From: Scott Long <scottl_at_freebsd.org>
Date: Wed, 04 Aug 2004 15:27:52 -0600
Sven Willenberger wrote:

> On Wed, 2004-08-04 at 13:49 -0700, Kevin Oberman wrote:
> 
>>>Date: Wed, 4 Aug 2004 13:34:56 -0700
>>>From: Jeremy Chadwick <freebsd_at_jdc.parodius.com>
>>>Sender: owner-freebsd-current_at_freebsd.org
>>>
>>>I've seen this with our SuperMicro SuperServer 5013C-T, running mysqld.
>>>Please note that the server is "heavily loaded" (note the quotes); usually
>>>a load of around 0.50 to 1.00 at all times, with mysqld being the top
>>>process.  Server runs all latest -CURRENT builds.
>>>
>>>Many people over in freebsd-threads mentioned this problem, and recommended
>>>all sorts-of different workarounds.  I tried every one available to me,
>>>except mucking with PREEMPTION (as I did not feel comfortable tinkering
>>>with a random .h file on the box; seemed to be a kernel-related thing,
>>>so I'd rather have just an "options" line for it -- I'm conditionally
>>>lazy).
>>
>>Please note that PREEMPTION is now NOT enabled in CURRENT. scottl
>>changed that a day or two ago because of all of these lock-ups.
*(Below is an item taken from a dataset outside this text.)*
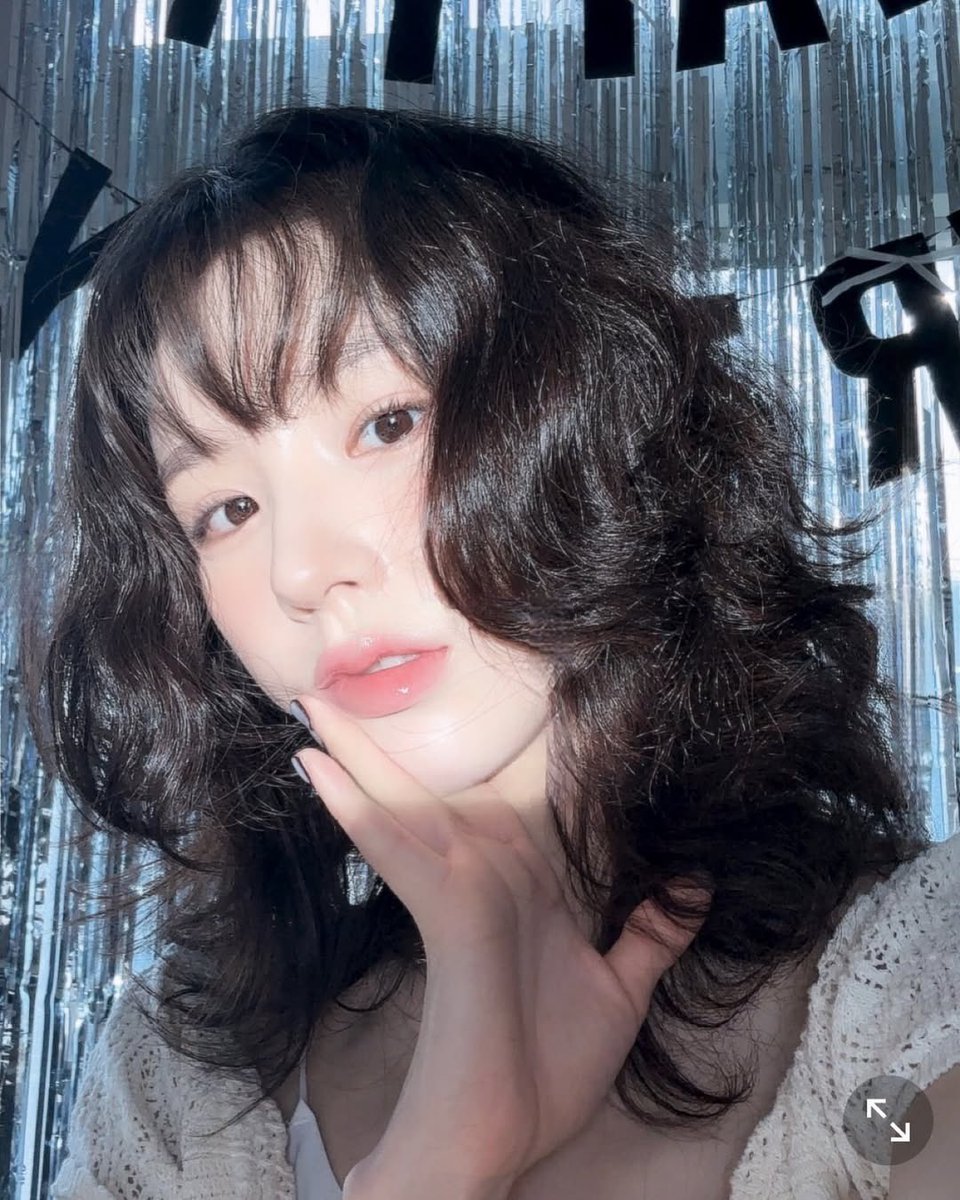 HK19J's tweet photo. 라이부 때 사진 🫣 https://t.co/kr0R6Mbfw4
He and
>>Julian are listed as working to isolate the problem. Scott believes it's
>>in the scheduler. It's not specific to either ULE or 4BSD.
>>
>>So cvsup, rebuild the kernel and you should be fine.At least for a while.
> 
> 
> Based on this and Jeremy C.'s response it would appear that I should
> either try to upgrade my 5.2.1-P8 system to -CURRENT (which is scary
> because of the vinum array - root is not mounted on a vinum device, but
> the data directory is - will gvinum simply read this correctly? it is a
> stripe+mirror array of 4 drives) or start from scratch and go back to
> 4.10 (STABLE) for a while. I am assuming that the lockups I am seeing
> were exacerbated by the PREEMPTION episodes of the past couple weeks? If
> I choose the upgrade to -CURRENT, are there any caveats or
> recommendations? (besides reading "/usr/src/UPDATING" which I do
> religiously anyway)
> 
> _______________________________________________
> freebsd-current_at_freebsd.org mailing list
> http://lists.freebsd.org/mailman/listinfo/freebsd-current
> To unsubscribe, send any mail to "freebsd-current-unsubscribe_at_freebsd.org"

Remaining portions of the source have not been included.